So that would be like trying to drink from a geyser. It just would really suck. It would
kick you back on your ***, you'd be bloody, and you'd be picking yourself up and fighting
fires, trying to get some version of the world that was actually a legitimate representation.
So we're not going to do that. And, you know, we're all overachieving testers.
So we think we should test every change. And that actually really, really sucks, too. Because
like I described, things are changing every millisecond in the data, and they might be
very small. And doing this parceling out of testing into MapReduces actually takes a long
time, too, unfortunately. So every change is kind of like drinking from
a waterfall. It's just this never-ending barrage of water. So we're not going to do that.
We kind of came up with this compromise that said daily. Daily gives us a really good signal.

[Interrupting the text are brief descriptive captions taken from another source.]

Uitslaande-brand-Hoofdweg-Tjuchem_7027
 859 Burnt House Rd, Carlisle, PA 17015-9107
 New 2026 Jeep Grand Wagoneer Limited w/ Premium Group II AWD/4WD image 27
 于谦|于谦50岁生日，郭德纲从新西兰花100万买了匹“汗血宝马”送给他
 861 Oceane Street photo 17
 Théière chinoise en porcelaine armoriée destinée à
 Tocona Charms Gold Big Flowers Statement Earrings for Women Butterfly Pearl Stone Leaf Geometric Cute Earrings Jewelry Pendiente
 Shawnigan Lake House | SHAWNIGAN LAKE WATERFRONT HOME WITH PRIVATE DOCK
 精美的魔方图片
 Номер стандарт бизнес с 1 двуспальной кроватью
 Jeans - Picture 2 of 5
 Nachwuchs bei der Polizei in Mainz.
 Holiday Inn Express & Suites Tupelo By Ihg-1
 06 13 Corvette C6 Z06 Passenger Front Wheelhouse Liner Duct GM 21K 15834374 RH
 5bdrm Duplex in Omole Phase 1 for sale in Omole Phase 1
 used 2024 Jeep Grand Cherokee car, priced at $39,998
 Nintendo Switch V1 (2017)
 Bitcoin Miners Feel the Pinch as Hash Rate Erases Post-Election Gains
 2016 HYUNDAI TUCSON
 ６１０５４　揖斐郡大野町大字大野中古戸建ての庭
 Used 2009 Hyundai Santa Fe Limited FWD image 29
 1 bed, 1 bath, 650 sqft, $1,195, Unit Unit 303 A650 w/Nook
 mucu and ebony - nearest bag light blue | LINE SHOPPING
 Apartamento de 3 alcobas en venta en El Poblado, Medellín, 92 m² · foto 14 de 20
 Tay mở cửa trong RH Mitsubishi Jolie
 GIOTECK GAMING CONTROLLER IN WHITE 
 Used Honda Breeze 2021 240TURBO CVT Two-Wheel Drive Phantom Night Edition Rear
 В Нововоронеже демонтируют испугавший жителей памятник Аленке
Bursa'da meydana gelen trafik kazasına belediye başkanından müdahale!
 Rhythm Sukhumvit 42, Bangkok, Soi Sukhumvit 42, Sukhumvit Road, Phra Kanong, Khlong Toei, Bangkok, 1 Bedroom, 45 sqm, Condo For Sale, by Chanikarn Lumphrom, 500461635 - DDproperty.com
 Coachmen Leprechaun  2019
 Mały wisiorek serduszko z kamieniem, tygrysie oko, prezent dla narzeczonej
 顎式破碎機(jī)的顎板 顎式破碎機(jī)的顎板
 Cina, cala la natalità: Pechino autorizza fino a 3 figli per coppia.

It's something that we can look at and say that on this day, we see that all these parks
disappeared. What happened on that day? Was there a batch change to a feed that might
have parks? Was there, you know, some public data changed about them? Did some user come
in and decide to just delete all the parks in Washington, D.C.?
We don't know. But now we at least have a starting point that sort of gives us a little
bit of a temporal location. So we finally have our happy little water fountain to drink
from. And that's what I'll leave you with.
[ Applause ] >>Tony Voellm: Great.
Great. Thank you Brendan and Yvette. So we have Q&A so you can line up and ask
questions if you like. We can take one live. And, like, in five seconds, I will have the
moderator in front of me. My takeaway? Wow, you get to go to Hawaii
a lot. That's -- >>Yvette Nameth: That's Australia. This is
actually outside of Melbourne. There are baby Penguins and little Penguins that you can
find under your car. >>Tony Voellm: I think there are two questions
over here. But they're deciding who's going to go first.
Please. >>Yvette Nameth: Don't be afraid.
>>> I'm just curious about -- I assume users will sometimes find errors, since you can't
check everything? But how often would you say that your tests
find errors in the data as opposed to the users finding errors?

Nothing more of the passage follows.